Since taking office on December 1, 2018, President Andrés Manuel López Obrador has taken a radically different stance toward the case from his predecessor. López Obrador, or AMLO as he is known, has prioritized uncovering the truth behind the 2014 case, taking steps to establish a truth commission led by Interior Deputy Secretary of Human Rights, Alejandro Encinas Rodríguez. The commission was inaugurated two days into AMLO’s administration and has since signed an agreement with the Office of the United Nations High Commissioner for Human Rights, which will reinforce its efforts via guidance and technical assistance. The UN OHCHR Statement may be found here.

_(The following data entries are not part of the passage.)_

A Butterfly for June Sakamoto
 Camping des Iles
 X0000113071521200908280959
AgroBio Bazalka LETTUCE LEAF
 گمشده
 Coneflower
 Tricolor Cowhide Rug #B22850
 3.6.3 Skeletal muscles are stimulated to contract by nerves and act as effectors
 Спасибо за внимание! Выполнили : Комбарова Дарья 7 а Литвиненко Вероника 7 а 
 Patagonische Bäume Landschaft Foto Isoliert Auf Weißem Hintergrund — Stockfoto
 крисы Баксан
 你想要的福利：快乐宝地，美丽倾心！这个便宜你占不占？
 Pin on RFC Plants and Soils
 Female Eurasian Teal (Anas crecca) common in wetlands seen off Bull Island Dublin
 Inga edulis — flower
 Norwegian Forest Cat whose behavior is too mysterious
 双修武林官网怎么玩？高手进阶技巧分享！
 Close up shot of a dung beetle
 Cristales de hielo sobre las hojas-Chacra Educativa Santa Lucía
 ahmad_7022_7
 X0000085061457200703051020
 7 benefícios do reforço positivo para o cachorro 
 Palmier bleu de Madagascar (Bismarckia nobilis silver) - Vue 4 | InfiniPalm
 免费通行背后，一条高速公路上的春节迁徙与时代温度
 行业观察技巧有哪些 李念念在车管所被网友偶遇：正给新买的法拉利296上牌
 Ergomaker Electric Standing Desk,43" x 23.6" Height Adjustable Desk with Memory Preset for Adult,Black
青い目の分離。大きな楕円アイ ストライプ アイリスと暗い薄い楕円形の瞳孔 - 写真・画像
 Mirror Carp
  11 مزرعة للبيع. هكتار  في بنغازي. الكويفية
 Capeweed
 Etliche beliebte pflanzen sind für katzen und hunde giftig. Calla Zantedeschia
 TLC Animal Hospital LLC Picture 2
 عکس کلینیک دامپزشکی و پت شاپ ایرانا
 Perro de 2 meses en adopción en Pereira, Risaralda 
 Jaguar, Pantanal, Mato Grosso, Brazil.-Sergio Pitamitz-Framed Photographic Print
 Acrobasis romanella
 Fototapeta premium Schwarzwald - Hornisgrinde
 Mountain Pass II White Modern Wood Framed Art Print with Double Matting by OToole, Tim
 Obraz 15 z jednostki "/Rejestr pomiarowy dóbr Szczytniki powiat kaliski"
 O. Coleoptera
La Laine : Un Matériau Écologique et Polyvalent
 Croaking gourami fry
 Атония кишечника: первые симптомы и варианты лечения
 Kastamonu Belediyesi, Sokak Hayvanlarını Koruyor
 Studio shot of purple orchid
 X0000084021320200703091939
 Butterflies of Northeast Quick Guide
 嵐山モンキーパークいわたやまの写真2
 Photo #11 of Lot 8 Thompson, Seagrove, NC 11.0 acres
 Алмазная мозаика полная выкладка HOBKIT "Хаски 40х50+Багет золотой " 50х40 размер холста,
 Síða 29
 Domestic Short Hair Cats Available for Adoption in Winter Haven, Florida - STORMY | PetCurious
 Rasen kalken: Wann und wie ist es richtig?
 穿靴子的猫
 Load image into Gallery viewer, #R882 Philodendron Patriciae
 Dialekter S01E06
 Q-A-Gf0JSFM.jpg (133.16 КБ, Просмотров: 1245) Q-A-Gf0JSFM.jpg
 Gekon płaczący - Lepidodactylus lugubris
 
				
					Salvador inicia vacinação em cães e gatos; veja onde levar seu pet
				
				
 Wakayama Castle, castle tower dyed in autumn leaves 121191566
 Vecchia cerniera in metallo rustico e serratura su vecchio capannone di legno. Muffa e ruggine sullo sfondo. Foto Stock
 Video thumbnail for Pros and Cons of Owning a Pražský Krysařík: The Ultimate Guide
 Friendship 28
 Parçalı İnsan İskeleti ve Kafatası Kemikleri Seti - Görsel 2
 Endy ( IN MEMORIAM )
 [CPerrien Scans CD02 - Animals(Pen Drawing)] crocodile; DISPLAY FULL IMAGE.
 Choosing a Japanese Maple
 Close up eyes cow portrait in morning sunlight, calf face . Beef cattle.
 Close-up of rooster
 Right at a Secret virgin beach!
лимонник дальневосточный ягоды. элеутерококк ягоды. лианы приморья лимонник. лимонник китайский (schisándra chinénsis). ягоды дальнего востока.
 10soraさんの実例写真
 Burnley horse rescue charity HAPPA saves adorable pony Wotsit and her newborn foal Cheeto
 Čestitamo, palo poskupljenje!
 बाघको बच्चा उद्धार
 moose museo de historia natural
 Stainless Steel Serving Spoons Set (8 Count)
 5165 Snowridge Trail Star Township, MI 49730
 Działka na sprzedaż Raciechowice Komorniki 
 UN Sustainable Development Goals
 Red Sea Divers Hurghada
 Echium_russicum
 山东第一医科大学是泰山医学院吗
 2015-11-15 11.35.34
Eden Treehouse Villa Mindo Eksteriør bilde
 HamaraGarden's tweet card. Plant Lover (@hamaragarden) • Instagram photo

The administration also launched a new criminal investigation, creating a special prosecutor’s office that will work to both correct irregularities and investigate the previous government’s mishandling of the case (link to Comunicado FGR 313/19). Led by special prosecutor Omar Gómez Trejo – a staff member and chief investigator for GIEI from 2015 to 2016 – , the office will work in conjunction with the truth commission in its quest for answers and accountability.

While such efforts have begun to provide a modicum of hope for the families of the 43 students, the consequences of the flawed investigation by the Peña Nieto administration continue to emerge. Just this month, a primary suspect in the case and a senior member of the drug cartel Guerreros Unidos – Gilardo López Astudillo or “El Gil” – was released after a judge found 62 of the 107 pieces of evidence submitted by the Mexican Attorney General’s Office inadmissible. More suspects have subsequently been freed on similar grounds, with the authorities’ use of torture and fabrication of evidence during the prior investigation resulting in the disqualification of 77 out of 142 individuals’ cases. Included in the releases were two dozen local police officers arrested for alleged participation in the attacks.

Now more than ever, the United States role in this investigation cannot be overlooked. As the National Security Archive’s previous post highlights, the U.S. government maintains pivotal records regarding members of the criminal gang Guerreros Unidos (United Warriors), who operated a drug distribution ring in Chicago. This same gang was heavily implicated in the disappearance of the 43, with Guerreros Unidos members in Iguala—together with local police—held responsible for the violent attacks on the students late at night on September 26 and into the early morning of September 27, 2014.

To date, all but two of the National Security Archive’s 102 Freedom of Information Act requests regarding the Ayotzinapa case have been denied or remain unanswered, further limiting the window for justice and fight against impunity. These requests date back to 2017. Given the fact that the DEA transcripts were among the few pieces of evidence not considered inadmissible in the case against “El Gil,” such evidence has become increasingly crucial.

As Mexican investigators delve into Ayotzinapa once more, this time on behalf of an administration that appears to be committed to solving the case, the US government has a fresh opportunity to assist in the effort. Whether by declassifying documents or providing information about Guerreros Unidos directly to Mexican investigators, such bilateral support will allow the Mexican government, truth commission, and criminal investigators to fully explore all possible lines of inquiry.

Until then, the National Security Archive observes the fifth anniversary of the disappearance of the 43 as the simultaneous anniversary of a failure to prosecute. We remain vigilant, dedicated to our call for open government, and ready to support this investigation together with the human rights community.  May the opportunity for our support arrive before another five years comes to pass.